BRIEF :: In the entries below, find the line containing "Una mujer se" and the line containing "3 bedroom Apartment". Copy those two lines and everything between them exactly, without the pictures.

DATA PROVIDED ::
□ □ □

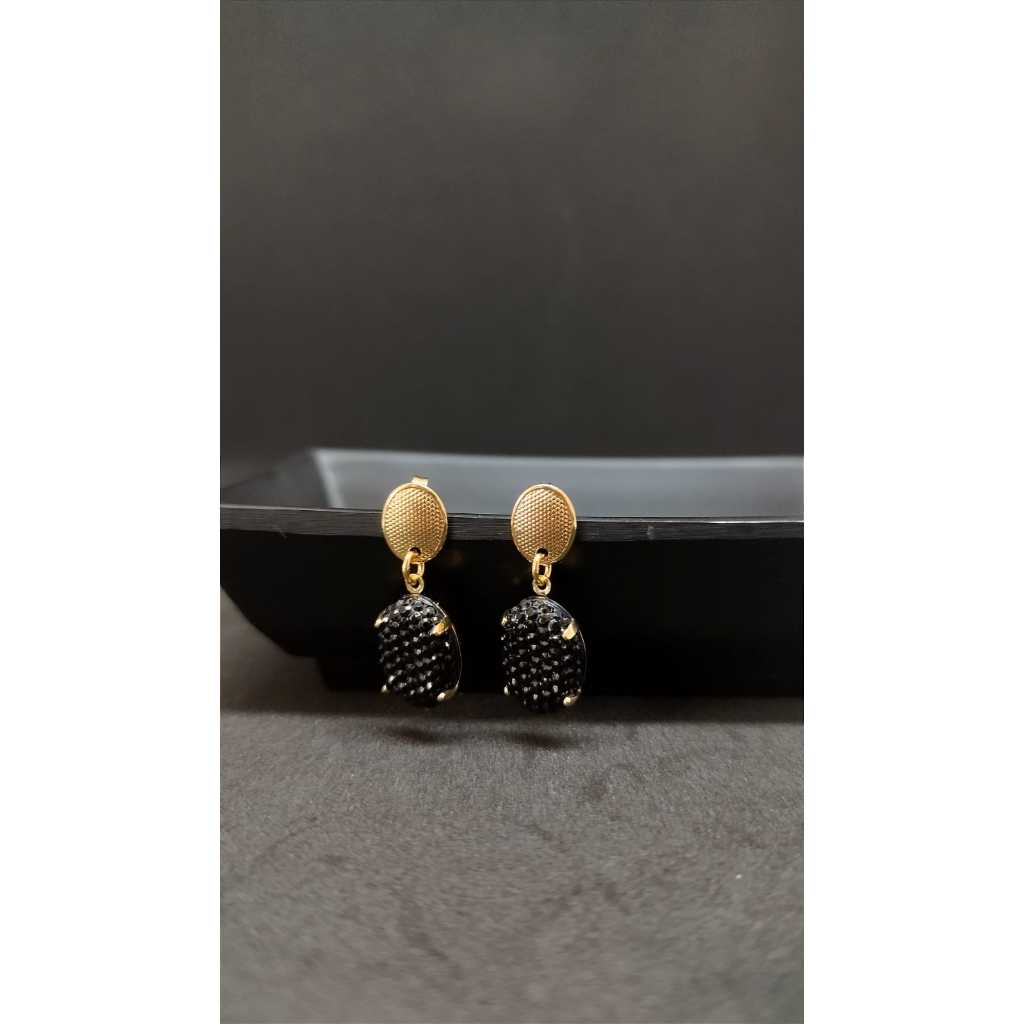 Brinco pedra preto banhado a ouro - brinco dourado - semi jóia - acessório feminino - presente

□ □ □

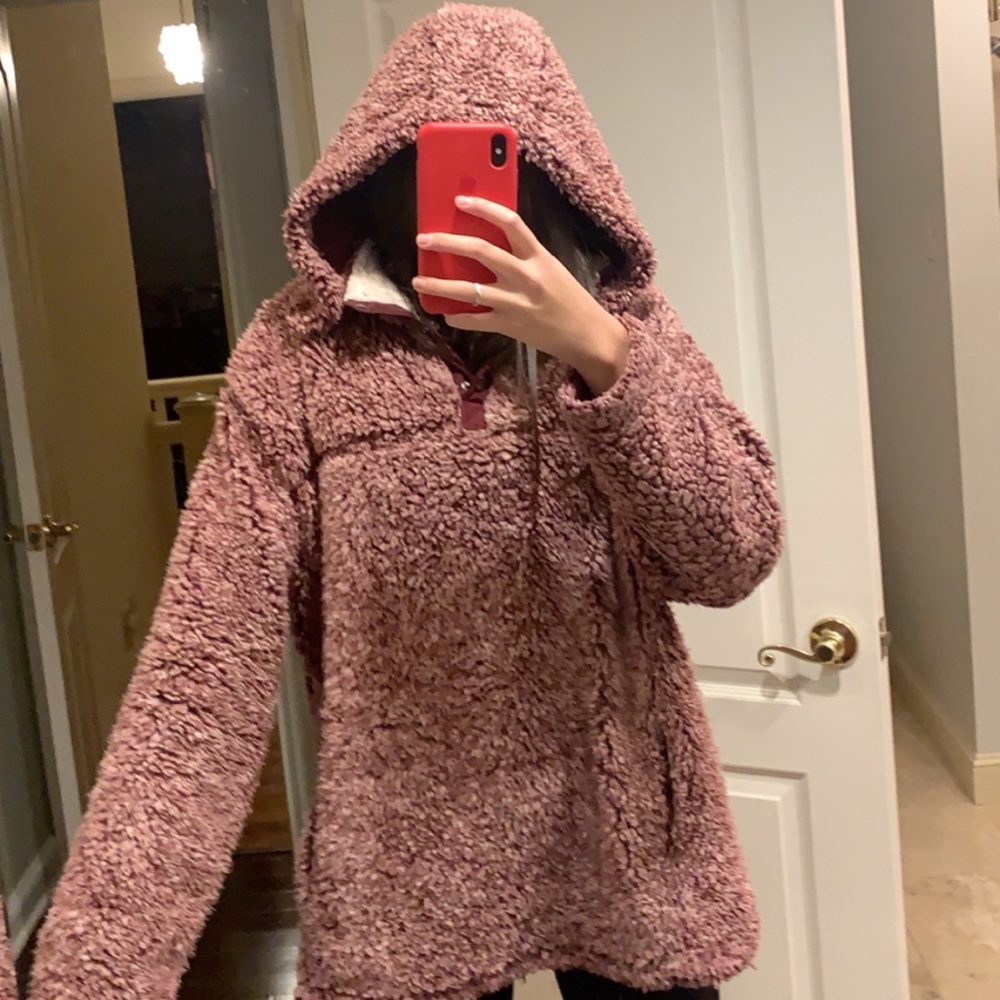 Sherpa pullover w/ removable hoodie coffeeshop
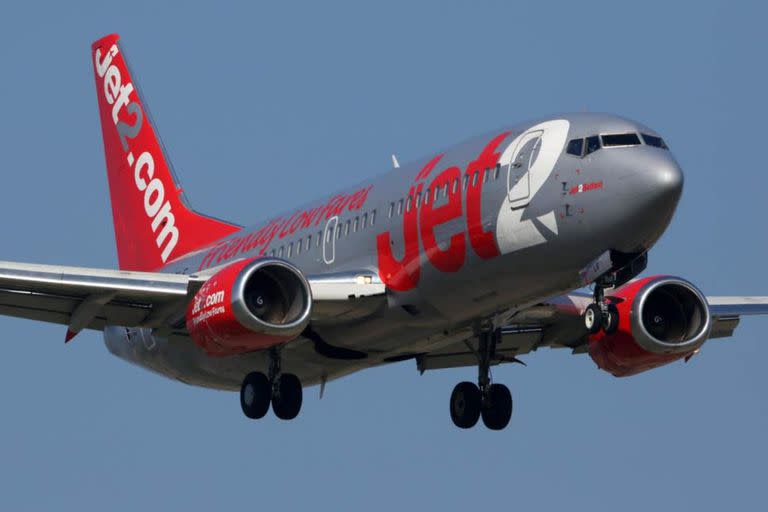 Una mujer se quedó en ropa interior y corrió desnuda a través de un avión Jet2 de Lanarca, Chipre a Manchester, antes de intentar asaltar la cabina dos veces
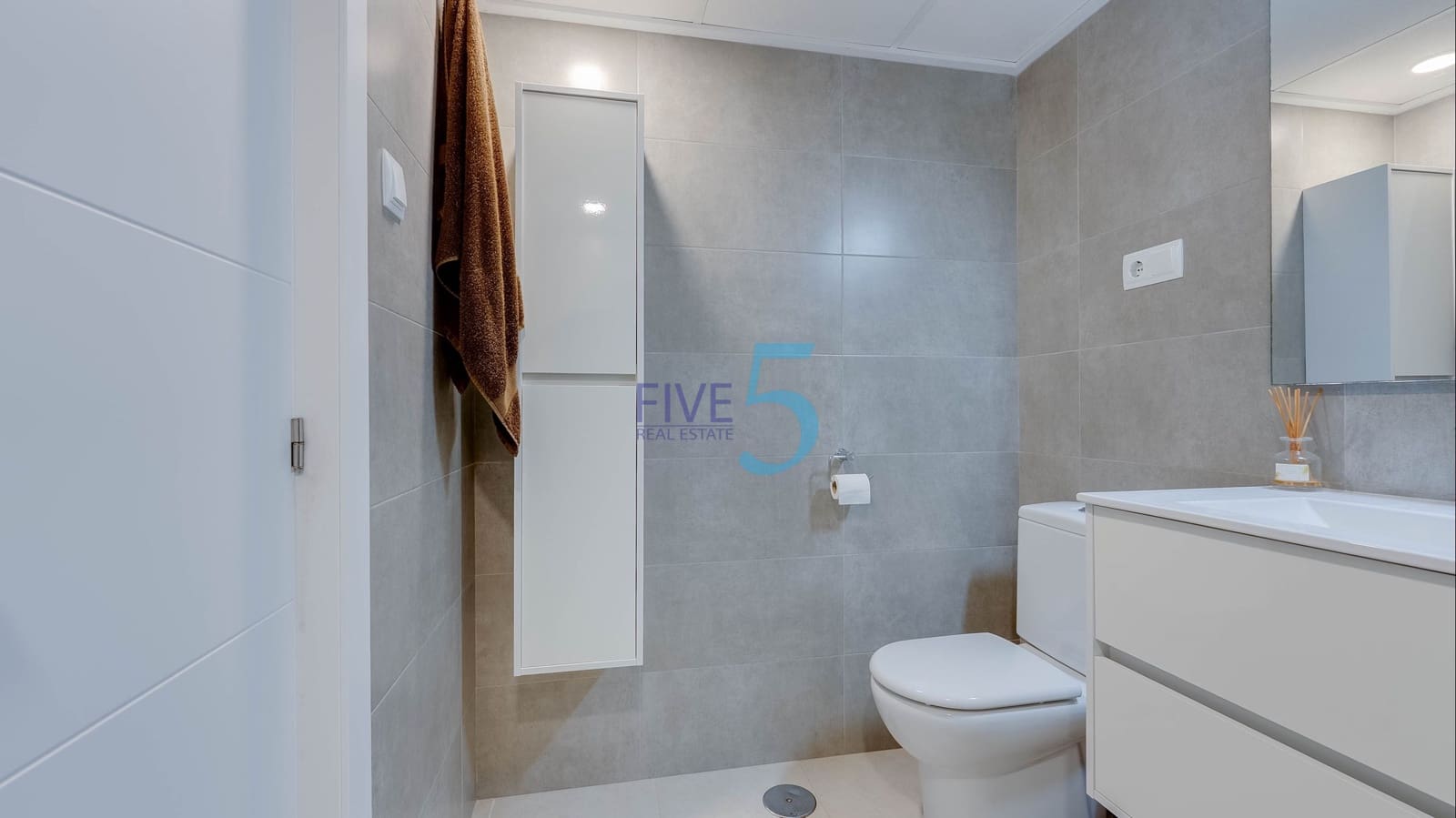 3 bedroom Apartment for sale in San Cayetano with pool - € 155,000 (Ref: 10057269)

□ □ □

ANSWER FOR THE TASK ::
 Una mujer se quedó en ropa interior y corrió desnuda a través de un avión Jet2 de Lanarca, Chipre a Manchester, antes de intentar asaltar la cabina dos veces
 3 bedroom Apartment for sale in San Cayetano with pool - € 155,000 (Ref: 10057269)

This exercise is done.